L'amministratore del condominio, inoltre, dopo la riforma del 2012, può oggi ricorrere, ove tecnicamente possibile, alla sospensione dalla fruizione del servizio comune nei confronti del condomino moroso da almeno un semestre, così come previsto sempre dall'art. 63, al terzo comma, indipendentemente dalla presenza all'interno del regolamento condominiale di un'espressa autorizzazione in tal senso, che invece era prevista come necessaria dal testo dell'articolo ante riforma.
Anche questo è, dunque, oggi uno strumento a disposizione dell'amministratore e utilizzabile più largamente e con maggiore efficacia come deterrente e per tentare di evitare le lungaggini giudiziarie.
Il tema è stato peraltro oggetto di approfondimento da parte del Garante, nel Vademecum su "Il condominio e la privacy", pubblicato nell'ottobre del 2013 e dove molto chiaramente si spiega che, oltre alla possibilità di comunicare i dati ai terzi creditori che ne fanno richiesta, le "eventuali inadempienze possono essere comunicate dall'amministratore agli altri condomini al momento del rendiconto annuale oppure a seguito della richiesta effettuata da un condomino nell'esercizio del potere di vigilanza e controllo". Parimenti sarà, inoltre, possibile farne oggetto di discussione nel corso dell'assemblea.
La violazione di queste indicazioni evidentemente potrà avere anche dei risvolti sotto il profilo penale.

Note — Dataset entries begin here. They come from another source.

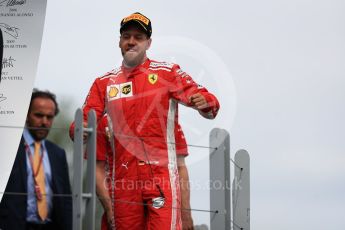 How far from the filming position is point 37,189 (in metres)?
7.36

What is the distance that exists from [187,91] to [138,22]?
0.71 m

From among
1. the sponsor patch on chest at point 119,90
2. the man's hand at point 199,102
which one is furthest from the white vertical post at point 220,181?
the sponsor patch on chest at point 119,90

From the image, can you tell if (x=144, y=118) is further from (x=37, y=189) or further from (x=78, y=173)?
(x=37, y=189)

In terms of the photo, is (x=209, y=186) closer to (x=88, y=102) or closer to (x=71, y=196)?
(x=88, y=102)

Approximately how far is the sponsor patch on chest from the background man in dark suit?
60.6 inches

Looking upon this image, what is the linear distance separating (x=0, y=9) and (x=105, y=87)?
1.18 meters

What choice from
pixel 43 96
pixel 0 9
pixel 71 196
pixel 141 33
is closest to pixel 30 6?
pixel 0 9

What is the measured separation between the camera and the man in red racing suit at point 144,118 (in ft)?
28.7

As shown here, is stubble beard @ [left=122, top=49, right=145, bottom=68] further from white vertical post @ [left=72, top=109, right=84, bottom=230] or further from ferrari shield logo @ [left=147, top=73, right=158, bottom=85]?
white vertical post @ [left=72, top=109, right=84, bottom=230]

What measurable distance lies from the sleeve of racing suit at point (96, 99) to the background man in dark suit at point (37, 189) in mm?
1432

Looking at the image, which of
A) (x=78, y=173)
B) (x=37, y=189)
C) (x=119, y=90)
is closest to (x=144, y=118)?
(x=119, y=90)

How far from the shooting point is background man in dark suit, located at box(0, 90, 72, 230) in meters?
7.35

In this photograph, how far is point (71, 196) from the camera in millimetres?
7391

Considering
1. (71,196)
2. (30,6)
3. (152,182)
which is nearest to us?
(71,196) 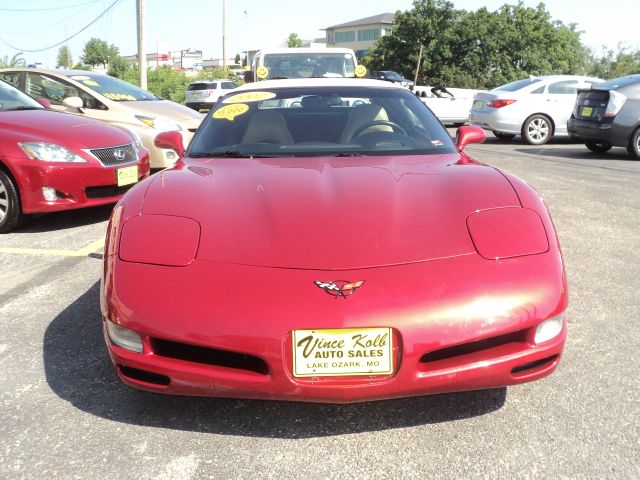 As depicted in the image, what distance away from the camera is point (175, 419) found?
2.36 m

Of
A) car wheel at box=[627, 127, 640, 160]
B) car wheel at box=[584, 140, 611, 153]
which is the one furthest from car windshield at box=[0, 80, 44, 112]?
car wheel at box=[584, 140, 611, 153]

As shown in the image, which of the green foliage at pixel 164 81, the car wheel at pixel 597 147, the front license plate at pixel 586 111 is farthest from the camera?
the green foliage at pixel 164 81

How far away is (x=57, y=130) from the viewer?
544 centimetres

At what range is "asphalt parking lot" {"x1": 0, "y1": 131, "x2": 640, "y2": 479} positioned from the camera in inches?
81.5

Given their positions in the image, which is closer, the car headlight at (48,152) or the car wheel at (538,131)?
the car headlight at (48,152)

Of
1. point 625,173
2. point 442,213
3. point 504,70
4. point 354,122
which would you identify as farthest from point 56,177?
point 504,70

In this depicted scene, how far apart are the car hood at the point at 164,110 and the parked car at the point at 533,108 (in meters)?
6.36

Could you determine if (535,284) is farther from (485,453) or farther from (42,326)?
(42,326)

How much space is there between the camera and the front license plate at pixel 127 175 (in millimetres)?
5594

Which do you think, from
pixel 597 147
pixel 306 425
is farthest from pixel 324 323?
pixel 597 147

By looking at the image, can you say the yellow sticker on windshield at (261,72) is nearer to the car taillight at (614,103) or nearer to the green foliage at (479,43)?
the car taillight at (614,103)

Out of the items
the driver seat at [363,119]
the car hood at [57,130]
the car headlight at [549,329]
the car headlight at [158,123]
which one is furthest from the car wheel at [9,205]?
the car headlight at [549,329]

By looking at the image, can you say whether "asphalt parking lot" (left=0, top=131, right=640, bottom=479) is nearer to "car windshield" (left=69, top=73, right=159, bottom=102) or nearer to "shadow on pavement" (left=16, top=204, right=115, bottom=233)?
"shadow on pavement" (left=16, top=204, right=115, bottom=233)

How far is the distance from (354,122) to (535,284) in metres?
1.75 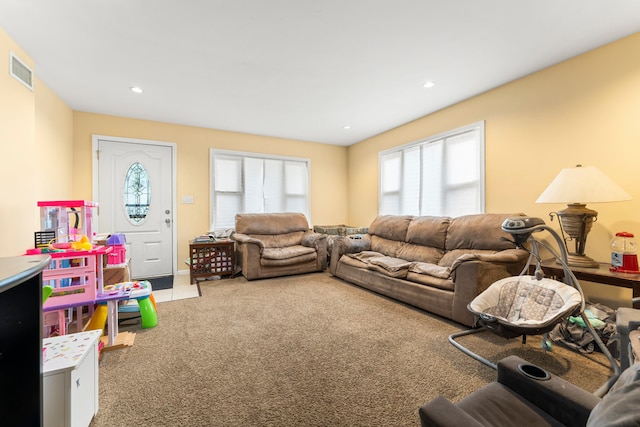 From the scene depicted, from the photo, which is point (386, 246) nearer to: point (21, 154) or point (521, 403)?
point (521, 403)

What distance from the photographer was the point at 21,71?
237cm

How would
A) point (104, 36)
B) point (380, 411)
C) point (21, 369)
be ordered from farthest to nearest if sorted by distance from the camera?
1. point (104, 36)
2. point (380, 411)
3. point (21, 369)

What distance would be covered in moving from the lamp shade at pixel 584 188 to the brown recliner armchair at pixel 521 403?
5.96 feet

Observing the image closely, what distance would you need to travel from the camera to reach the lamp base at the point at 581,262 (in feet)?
7.47

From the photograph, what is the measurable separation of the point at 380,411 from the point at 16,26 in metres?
3.85

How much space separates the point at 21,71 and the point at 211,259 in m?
2.87

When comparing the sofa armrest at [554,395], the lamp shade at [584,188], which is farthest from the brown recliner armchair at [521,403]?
the lamp shade at [584,188]

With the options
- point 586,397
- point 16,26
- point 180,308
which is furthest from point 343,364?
point 16,26

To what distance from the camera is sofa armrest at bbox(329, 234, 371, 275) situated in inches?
163

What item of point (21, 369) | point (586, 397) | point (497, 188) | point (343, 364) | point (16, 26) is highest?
point (16, 26)

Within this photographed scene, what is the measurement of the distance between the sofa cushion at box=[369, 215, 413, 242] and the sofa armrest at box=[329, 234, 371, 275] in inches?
13.3

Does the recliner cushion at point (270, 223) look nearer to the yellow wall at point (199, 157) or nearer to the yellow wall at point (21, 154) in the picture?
the yellow wall at point (199, 157)

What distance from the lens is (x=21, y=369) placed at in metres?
0.85

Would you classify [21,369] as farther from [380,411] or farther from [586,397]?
[586,397] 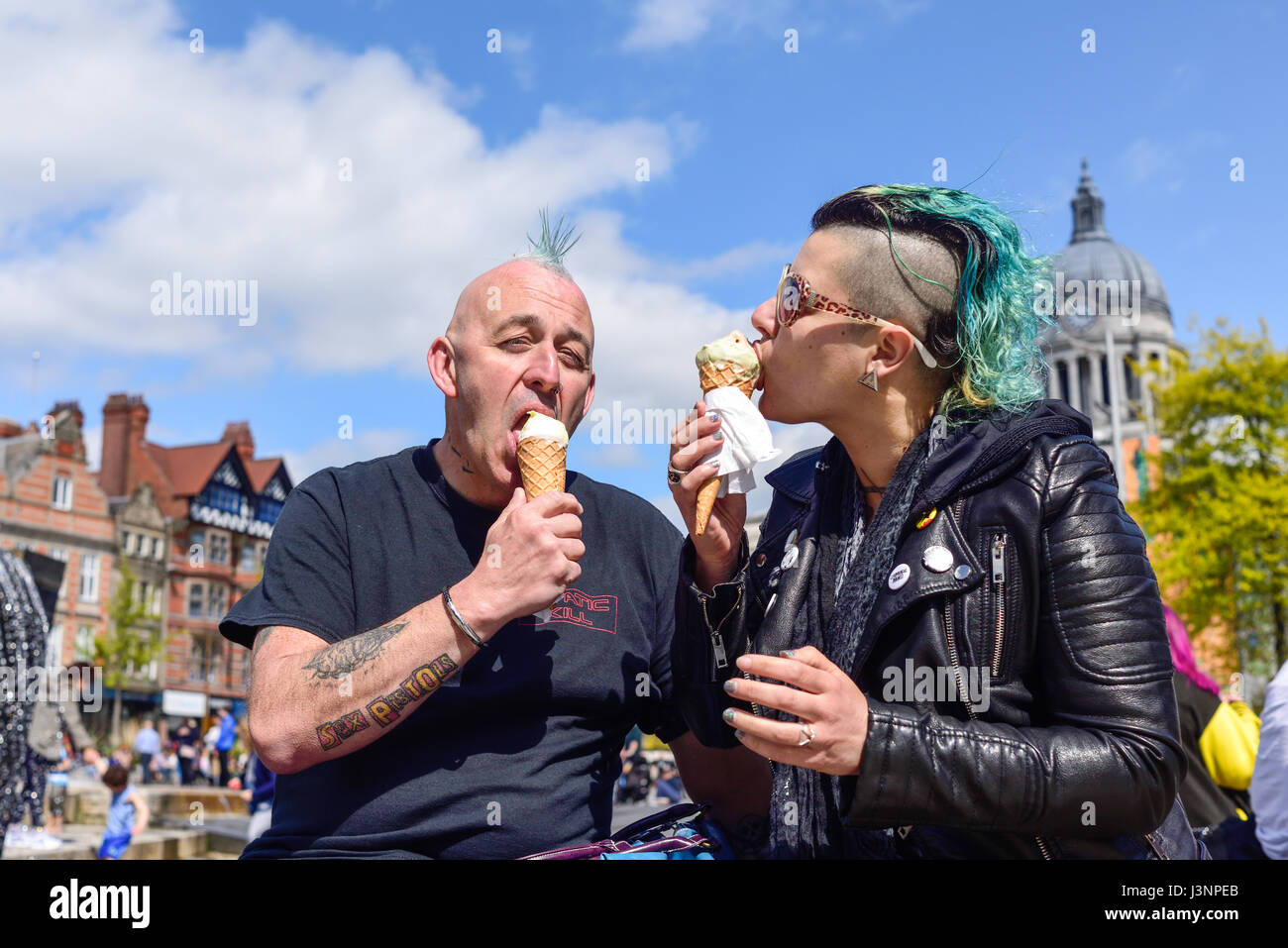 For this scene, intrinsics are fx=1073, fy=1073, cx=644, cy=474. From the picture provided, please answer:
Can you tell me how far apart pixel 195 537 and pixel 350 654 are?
6001 cm

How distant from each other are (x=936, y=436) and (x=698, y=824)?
132cm

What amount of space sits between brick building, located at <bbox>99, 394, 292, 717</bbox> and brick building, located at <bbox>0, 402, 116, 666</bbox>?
379cm

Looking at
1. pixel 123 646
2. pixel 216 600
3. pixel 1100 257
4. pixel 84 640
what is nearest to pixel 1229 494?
pixel 123 646

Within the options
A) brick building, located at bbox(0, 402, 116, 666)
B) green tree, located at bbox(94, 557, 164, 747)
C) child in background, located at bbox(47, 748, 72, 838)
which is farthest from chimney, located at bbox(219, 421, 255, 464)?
child in background, located at bbox(47, 748, 72, 838)

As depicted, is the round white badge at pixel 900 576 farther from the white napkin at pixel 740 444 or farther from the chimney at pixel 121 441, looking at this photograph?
the chimney at pixel 121 441

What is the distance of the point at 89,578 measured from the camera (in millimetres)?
50500

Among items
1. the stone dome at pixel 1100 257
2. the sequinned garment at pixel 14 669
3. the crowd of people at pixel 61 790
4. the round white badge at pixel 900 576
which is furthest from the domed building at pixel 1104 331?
the round white badge at pixel 900 576

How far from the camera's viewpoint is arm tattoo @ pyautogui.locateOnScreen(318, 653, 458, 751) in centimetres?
270

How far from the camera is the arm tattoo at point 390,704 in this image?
8.87ft

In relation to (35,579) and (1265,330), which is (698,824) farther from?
(1265,330)

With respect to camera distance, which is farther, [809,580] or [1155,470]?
[1155,470]

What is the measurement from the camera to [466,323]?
3420 millimetres

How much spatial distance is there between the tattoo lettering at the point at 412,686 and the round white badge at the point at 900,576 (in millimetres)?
1107
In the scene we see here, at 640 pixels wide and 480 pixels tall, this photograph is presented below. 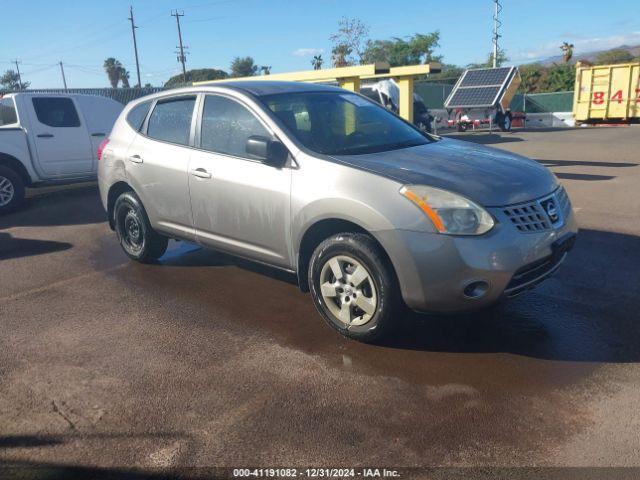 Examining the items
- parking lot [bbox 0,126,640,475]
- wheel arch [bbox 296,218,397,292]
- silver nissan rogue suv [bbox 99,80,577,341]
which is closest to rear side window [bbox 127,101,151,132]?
silver nissan rogue suv [bbox 99,80,577,341]

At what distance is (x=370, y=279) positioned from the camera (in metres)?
3.62

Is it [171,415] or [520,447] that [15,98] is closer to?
[171,415]

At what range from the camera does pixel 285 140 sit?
411 centimetres

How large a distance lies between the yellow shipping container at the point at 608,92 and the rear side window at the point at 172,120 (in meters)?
21.3

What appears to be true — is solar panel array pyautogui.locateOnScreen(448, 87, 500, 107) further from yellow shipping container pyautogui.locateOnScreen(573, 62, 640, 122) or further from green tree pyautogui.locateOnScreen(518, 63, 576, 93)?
green tree pyautogui.locateOnScreen(518, 63, 576, 93)

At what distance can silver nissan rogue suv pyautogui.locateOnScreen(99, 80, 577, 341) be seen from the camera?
337 cm

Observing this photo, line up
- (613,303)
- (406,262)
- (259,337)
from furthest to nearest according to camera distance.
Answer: (613,303), (259,337), (406,262)

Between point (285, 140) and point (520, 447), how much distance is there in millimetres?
2546

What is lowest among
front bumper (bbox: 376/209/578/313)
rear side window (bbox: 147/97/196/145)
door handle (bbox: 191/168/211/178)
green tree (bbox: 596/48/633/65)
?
front bumper (bbox: 376/209/578/313)

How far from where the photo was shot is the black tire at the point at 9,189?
880 centimetres

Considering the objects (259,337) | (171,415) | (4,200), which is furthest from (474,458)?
(4,200)

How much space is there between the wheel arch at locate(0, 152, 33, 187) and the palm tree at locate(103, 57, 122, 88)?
3425 inches

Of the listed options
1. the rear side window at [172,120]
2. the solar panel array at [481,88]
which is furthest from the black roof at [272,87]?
the solar panel array at [481,88]

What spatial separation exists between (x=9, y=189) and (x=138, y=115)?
179 inches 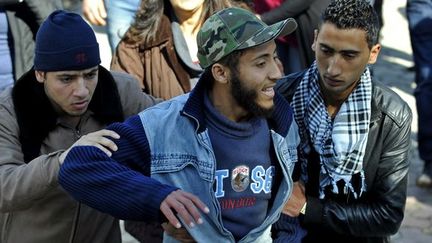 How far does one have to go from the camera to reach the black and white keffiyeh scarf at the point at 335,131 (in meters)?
2.99

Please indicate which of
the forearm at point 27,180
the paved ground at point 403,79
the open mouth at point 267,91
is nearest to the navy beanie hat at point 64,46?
the forearm at point 27,180

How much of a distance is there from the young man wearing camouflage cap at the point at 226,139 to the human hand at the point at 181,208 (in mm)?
212

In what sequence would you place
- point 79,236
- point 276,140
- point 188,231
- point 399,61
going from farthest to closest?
point 399,61
point 79,236
point 276,140
point 188,231

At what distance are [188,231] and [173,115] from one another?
0.39m

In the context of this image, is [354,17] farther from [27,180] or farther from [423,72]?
[423,72]

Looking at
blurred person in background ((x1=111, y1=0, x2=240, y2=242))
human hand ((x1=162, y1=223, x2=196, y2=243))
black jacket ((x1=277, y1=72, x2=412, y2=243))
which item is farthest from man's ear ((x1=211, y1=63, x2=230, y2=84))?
blurred person in background ((x1=111, y1=0, x2=240, y2=242))

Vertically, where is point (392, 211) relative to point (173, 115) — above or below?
below

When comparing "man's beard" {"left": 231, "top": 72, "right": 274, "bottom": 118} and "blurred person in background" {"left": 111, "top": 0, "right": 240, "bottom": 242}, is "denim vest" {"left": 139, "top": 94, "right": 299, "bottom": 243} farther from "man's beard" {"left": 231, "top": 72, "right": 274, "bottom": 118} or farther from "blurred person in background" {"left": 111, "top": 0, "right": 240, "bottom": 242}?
"blurred person in background" {"left": 111, "top": 0, "right": 240, "bottom": 242}

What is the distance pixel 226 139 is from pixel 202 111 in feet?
0.40

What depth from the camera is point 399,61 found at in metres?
8.49

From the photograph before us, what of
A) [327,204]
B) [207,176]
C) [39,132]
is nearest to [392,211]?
[327,204]

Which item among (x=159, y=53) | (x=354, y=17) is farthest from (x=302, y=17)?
(x=354, y=17)

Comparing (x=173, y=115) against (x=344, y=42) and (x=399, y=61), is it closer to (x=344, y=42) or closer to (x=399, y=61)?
(x=344, y=42)

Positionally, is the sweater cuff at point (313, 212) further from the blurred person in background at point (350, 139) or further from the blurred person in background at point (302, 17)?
the blurred person in background at point (302, 17) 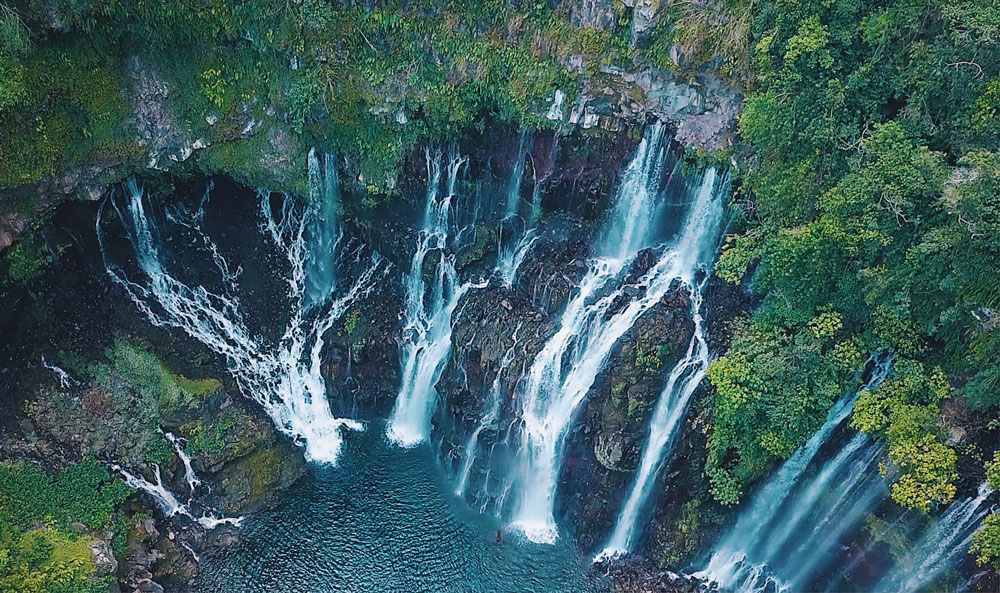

Se, infatti, il Garante per la privacy e il legislatore hanno ritenuto legittimo potere trasmettere i dati dei condomini morosi ai creditori e discutere le singole posizioni all'interno dell'assemblea, questo non autorizza però l'amministratore o gli altri condomini a dare più larga diffusione a questi dati, rivolgendosi a terzi non interessati alla questione o trattandoli al di fuori del contesto idoneo, che è appunto l'assemblea condominiale.
In tal senso si è orientata la Corte di Cassazione che in numerose sentenze (ex plurimis Corte di Cassazione nn. 4364/2014, 3076/2012, 13540/2008) ha ribadito che integra il reato di diffamazione ex art. 595 codice penale, l'affissione dei nominativi dei condomini morosi negli spazi condominiali comuni e di fatto accessibili ad un numero indeterminato di soggetti anche estranei al condominio stesso come, ad esempio, nella bacheca degli avvisi spesso presente nell'androne d'ingresso del condominio.
A maggior ragione, indipendentemente dalla veridicità dell'informazione, è diffamazione riferire verbalmente a terzi circa la morosità di un condomino, fuori dai casi sopra esposti (creditori e assemblea), come ancora una volta ribadito dalla Suprema Corte in una recente sentenza (Corte di Cassazione, sezione quinta penale, n. 46498, 11/11/2014).
A dover fare attenzione, dunque, non è solo l'amministratore del condominio, ma anche tutti i condomini e i creditori messi a conoscenza delle informazioni relative alle posizioni di morosità.